» How Many Beds Can be Watered at One Time – What is Needed to Make the System Work Well?

How Many Beds Can be Watered at One Time – What is Needed to Make the System Work Well?

Q. I have a question concerning watering. How many beds can you tie together from one watering source and still water evenly? I plan on using one hose from the house to water the garden. I hope to build ten beds four feet wide and fifteen feet long. Will the Automated system work well with twenty pipes tied together?

A. Yes, but how well depends on several factors, which I’ll explain in detail below For your specific situation, unless you’re prepared to do some work, I recommend you buy the largest hose you can, so that it doesn’t reduce your flow too much. You can tie the twenty beds all to a single header pipe, but then put valves at the beginning of each row, so you can water only one or two at a time, if necessary. You will learn by trial and error how many will water properly with the volume and pressure you have.
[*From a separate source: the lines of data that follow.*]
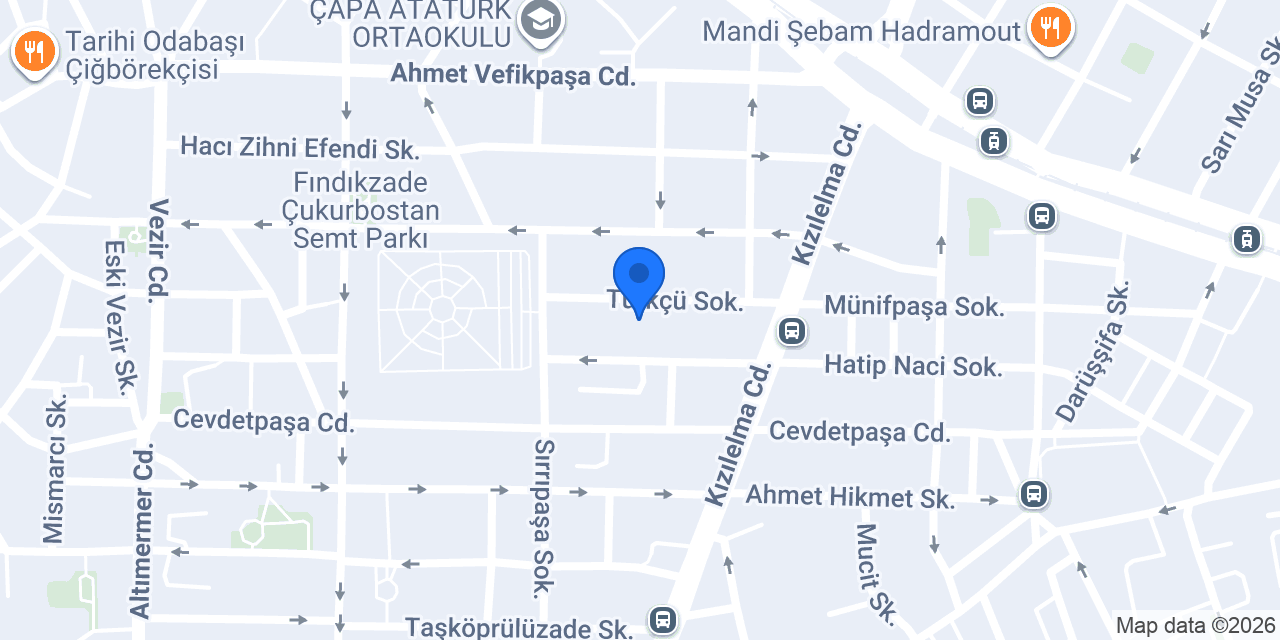Türkçü Sk. Açık Otopark konumu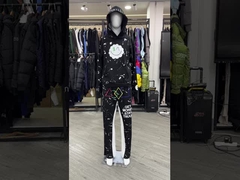 T-shirt à capuche sur mesure Galerie Casual Flared Runner Track Pants Taille élastique Sweatp empilé pour hommes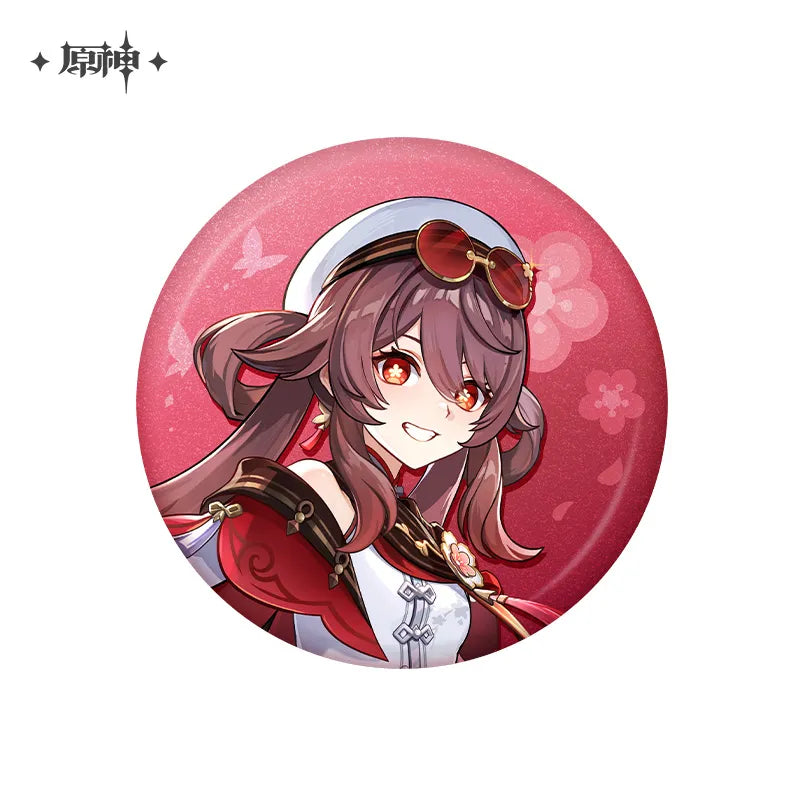 miHoYo Genshin Impact Teyvat Style Character Outfit Badge & Standee-Hutao (Badge)-miHoYo-Ace Cards & Collectibles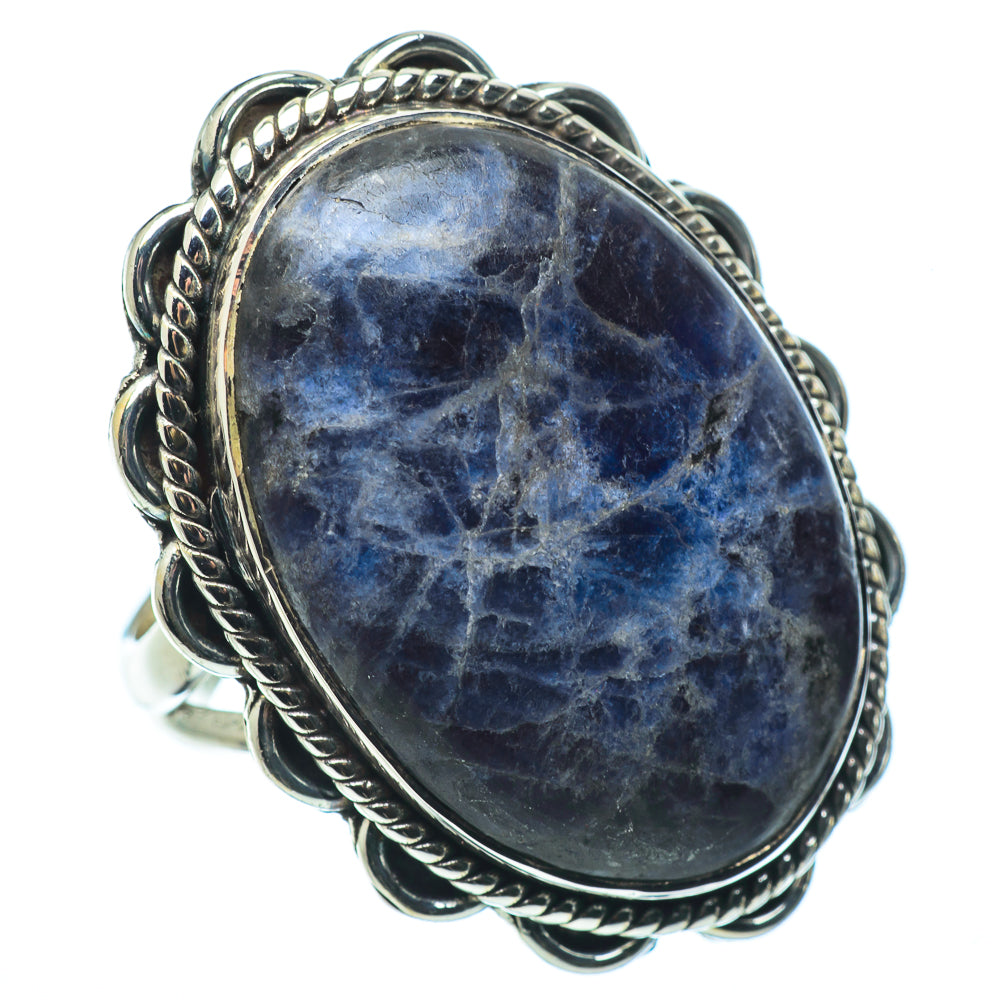 Sodalite Rings handcrafted by Anasilvercos - RING33185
The question of how many beds you can water with the automated system is very common and very important. How much you can water at one time is entirely dependent on the volume of water and the pressure with which it is delivered to your pipes. I’ll give you some examples of extremes on both ends, and then try to give suggestions for your garden situation.

I have a 5 1/2 HP Honda gas-powered pump bring water to my 1/2-acre garden in a 2″ pipe, and I can water 20 to 25 30′-long beds at one time. The big pipe and strong pressure provide a large volume of water, thus allowing for fast watering of my 125 beds.

At what you would think is the other extreme are Jan & Gretchen Graf in Santa Clara, Utah (where the big flood happened this week – and their family farm is now a 30′ hole in the ground). Their garden is still intact – the pictures are in the Photo section – and it is watered by gravity. They collect water from a natural spring into 4-250 gallon tanks. Those are connected in tandem with 1″ pipes, and a 1″ pipe then goes to their garden. The top of the garden is only about 3′ below the bottom of the tanks, but with the large pipe plus the pressure of the water in the tanks, they are able to water 4 30′ rows at a time. And you will see from the pictures that their garden is on blow-sand!

Meanwhile, others who are on municipal water, supposedly with ample pressure, sometimes have a hard time watering two short beds without having the far ends of the rows suffer from lack of water. Four things usually contribute to this problem as follows: 1) they are using a garden hose (3/8″ typically), 2) from a 1/2″ hose faucet at the side of their house, 3) sometimes they use 1/2″ PVC pipes in the garden, and 4) some even use Schedule 40 pipe, which reduces the inside diameter even more.

Here’s what I recommend you do to have the most volume and pressure for watering your garden:
1. Tap into your main water line, before it enters your house. This will be at least a 3/4″ line, and often is 1″, and the pressure will be unreduced by all the things going on in the house.
2. Use the same size PVC pipe between the main connection and your garden as the source pipe. This will assure the same volume and pressure are available at the garden.
3. Continue with the same size pipe for plumbing between the beds, and do not go smaller than 3/4″ pipe, even in the individual beds.
4. Use Schedule 200 pipe in the beds, rather than Schedule 40. It will carry more water, it is much easier to drill the holes, and won’t break your drill bit nearly as often, and if properly cared for will last 20-30 years.
5. Drill 3 holes every 4″ at 45 degree angles using a #57 or #58 drill bit (see chapter 15 of the Gardening Course or look in the Files section of the Group site for details and graphic illustrations).
6. Do not make your beds much longer than 30′, and certainly do not allow the far end of the bed to be higher than the water source end. Water still hasn’t learned to run uphill.